(Data records)
((
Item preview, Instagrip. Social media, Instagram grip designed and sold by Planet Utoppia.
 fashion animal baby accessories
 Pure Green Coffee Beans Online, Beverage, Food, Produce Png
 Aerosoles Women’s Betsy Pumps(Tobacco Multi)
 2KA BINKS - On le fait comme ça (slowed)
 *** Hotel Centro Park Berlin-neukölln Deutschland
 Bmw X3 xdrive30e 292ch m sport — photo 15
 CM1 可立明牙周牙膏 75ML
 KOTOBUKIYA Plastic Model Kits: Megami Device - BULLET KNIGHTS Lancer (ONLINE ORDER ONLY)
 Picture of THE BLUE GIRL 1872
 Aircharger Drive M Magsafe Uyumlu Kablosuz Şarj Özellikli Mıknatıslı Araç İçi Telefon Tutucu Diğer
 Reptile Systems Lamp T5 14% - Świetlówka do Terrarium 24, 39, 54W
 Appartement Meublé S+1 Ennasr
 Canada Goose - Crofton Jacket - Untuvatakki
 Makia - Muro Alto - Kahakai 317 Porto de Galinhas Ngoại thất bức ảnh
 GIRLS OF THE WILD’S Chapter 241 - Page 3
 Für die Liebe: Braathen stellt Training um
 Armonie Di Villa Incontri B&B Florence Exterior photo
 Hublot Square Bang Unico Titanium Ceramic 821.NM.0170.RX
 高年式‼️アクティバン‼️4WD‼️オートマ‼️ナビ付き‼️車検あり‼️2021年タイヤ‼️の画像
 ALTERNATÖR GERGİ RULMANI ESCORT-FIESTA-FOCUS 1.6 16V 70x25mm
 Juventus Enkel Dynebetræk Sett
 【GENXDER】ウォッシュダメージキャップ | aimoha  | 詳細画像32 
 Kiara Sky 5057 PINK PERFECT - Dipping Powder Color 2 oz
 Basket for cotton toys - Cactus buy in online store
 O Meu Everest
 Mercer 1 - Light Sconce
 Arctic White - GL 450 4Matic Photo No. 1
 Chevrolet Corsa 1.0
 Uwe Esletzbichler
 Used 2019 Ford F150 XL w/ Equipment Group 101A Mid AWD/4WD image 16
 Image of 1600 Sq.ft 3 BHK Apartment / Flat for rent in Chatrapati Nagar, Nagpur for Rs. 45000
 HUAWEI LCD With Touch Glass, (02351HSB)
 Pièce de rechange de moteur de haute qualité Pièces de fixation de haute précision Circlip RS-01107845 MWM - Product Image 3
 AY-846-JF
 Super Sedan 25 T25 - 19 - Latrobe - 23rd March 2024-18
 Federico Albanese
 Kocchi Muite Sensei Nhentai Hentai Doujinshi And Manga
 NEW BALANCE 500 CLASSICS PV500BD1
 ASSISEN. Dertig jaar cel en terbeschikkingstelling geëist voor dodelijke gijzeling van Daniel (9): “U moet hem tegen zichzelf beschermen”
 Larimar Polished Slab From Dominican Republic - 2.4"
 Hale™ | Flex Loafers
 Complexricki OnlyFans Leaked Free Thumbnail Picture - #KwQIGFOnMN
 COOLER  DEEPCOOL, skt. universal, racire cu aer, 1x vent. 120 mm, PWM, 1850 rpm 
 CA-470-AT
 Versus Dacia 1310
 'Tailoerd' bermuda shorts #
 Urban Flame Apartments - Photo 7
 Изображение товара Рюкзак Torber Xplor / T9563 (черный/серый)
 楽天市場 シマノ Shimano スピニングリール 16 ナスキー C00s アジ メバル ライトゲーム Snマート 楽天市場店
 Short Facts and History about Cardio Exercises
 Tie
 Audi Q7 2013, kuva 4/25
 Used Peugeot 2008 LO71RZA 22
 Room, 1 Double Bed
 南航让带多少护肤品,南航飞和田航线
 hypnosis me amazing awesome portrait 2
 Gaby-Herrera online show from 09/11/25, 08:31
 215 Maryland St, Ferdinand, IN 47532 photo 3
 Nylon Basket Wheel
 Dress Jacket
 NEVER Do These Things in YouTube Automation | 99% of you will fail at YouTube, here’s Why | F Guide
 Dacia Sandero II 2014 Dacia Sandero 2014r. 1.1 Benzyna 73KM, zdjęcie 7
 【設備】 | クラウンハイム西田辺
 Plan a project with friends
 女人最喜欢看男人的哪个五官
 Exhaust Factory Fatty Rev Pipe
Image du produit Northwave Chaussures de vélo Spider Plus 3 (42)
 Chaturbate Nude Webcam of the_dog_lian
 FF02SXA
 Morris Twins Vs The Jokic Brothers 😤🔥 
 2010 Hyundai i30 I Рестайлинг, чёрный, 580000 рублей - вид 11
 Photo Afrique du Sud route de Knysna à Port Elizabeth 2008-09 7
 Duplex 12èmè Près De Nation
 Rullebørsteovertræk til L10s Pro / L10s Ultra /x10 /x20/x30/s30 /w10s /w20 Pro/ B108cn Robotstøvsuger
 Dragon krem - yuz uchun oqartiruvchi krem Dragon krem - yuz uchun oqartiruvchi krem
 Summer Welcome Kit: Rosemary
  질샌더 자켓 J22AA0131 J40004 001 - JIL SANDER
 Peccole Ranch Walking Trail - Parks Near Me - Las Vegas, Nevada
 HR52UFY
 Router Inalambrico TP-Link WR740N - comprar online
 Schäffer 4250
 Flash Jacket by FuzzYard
))
WHAT TO WORK ON. All lines of the records above that carry the word "Basket" should be listed.

ANSWER BOX.
 Basket for cotton toys - Cactus buy in online store
 Nylon Basket Wheel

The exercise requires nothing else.